Gibson v. Mena, 144 N.C. App. 125 (2001)

June 5, 2001 · North Carolina Court of Appeals · No. COA00-143
144 N.C. App. 125

AUDREY JOYNER GIBSON, Plaintiff v. IDAEL MENA and CARRETA TRANSPORT, INC., Defendants

No. COA00-143

(Filed 5 June 2001)

Civil Procedure— Rule 60 motion for relief — default judgment

The trial court abused its discretion by allowing defendants’ Rule 60 motion for relief from a default judgment where the record was devoid of any evidence excusing defendant Mena, defendant Carreta was aware of the pending litigation prior to the judgment, and defendant Caretta’s insurance carrier knew that entry of default had been rendered, but failed to give defense of the lawsuit the attention usually given to important business in the exercise of ordinary prudence. N.C.G.S. § 1A-1, Rule 60(b).

Appeal by plaintiff from order entered 29 September 1999 by Judge Robert F. Floyd, Jr. in Robeson County Superior Court.
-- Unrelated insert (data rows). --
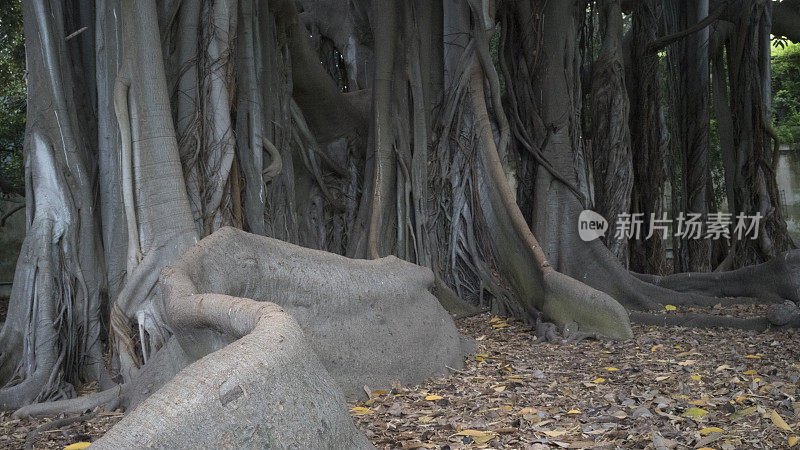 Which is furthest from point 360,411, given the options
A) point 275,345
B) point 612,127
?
point 612,127

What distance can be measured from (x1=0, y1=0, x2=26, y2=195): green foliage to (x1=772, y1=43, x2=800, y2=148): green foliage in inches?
475

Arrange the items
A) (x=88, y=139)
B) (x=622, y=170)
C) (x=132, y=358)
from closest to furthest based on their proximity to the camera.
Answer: (x=132, y=358) < (x=88, y=139) < (x=622, y=170)

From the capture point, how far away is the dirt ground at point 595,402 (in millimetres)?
2363

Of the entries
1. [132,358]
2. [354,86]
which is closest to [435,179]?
[354,86]

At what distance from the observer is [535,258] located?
486cm

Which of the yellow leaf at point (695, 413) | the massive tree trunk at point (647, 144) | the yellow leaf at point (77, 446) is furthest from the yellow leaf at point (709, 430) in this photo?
the massive tree trunk at point (647, 144)

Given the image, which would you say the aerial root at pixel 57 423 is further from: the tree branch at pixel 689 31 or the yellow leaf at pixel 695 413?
the tree branch at pixel 689 31

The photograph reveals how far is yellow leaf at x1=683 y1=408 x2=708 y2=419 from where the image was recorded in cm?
257

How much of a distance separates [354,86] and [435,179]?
1768 millimetres

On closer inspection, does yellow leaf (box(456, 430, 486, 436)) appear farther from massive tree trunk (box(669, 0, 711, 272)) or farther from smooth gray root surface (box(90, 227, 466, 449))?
massive tree trunk (box(669, 0, 711, 272))

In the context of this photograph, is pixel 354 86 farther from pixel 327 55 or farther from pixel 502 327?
pixel 502 327

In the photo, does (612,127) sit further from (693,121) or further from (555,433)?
(555,433)

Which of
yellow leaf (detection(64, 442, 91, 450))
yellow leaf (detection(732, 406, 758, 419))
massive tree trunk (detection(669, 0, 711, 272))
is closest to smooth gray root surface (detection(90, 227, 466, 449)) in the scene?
yellow leaf (detection(64, 442, 91, 450))

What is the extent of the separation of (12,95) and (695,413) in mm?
7421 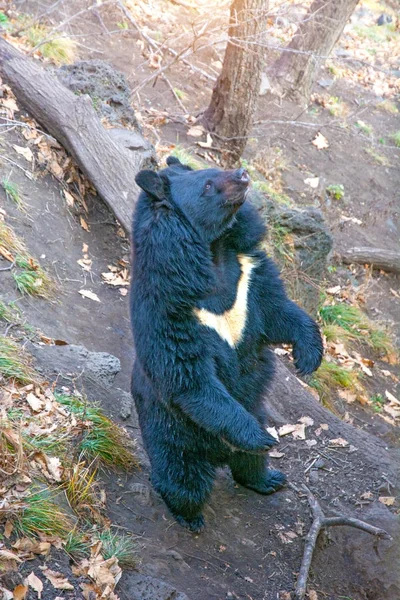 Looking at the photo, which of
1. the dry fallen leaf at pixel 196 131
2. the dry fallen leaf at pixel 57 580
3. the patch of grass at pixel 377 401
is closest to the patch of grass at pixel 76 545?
the dry fallen leaf at pixel 57 580

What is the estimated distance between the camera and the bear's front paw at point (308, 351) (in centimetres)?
423

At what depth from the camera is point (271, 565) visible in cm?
401

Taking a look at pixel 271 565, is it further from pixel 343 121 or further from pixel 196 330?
pixel 343 121

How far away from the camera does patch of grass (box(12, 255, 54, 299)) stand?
17.4ft

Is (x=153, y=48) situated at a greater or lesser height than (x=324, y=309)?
greater

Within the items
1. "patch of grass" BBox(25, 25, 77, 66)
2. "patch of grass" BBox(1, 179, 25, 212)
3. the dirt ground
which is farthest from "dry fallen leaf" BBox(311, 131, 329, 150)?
"patch of grass" BBox(1, 179, 25, 212)

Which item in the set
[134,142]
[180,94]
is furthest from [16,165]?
[180,94]

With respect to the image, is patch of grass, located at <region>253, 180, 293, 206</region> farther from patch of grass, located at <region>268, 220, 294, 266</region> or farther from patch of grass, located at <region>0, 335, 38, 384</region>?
patch of grass, located at <region>0, 335, 38, 384</region>

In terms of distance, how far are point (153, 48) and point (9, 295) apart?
6462mm

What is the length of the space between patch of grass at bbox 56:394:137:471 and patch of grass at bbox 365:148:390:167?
8811 mm

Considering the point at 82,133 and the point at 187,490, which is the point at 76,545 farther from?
the point at 82,133

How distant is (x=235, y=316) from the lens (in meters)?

Heard in the Court of Appeals 10 January 2001.

George M. Anderson, G. Henry Temple, Jr. and Stephen W. Petersen, for plaintiff-appellant.

Anderson, Johnson, Lawrence, Butler & Bock, L.L.P., by Steven G. Lawrence, for defendant-appellees.

*126JOHN, Judge.

Plaintiff Audrey Joyner Gibson appeals the trial court’s 29 September, 1999 order (the Order) setting aside a default judgment entered against defendants Idael Mena and Carreta Transport, Inc. (collectively “defendants”; individually Mena and Carreta) in favor of plaintiff. We reverse the trial court.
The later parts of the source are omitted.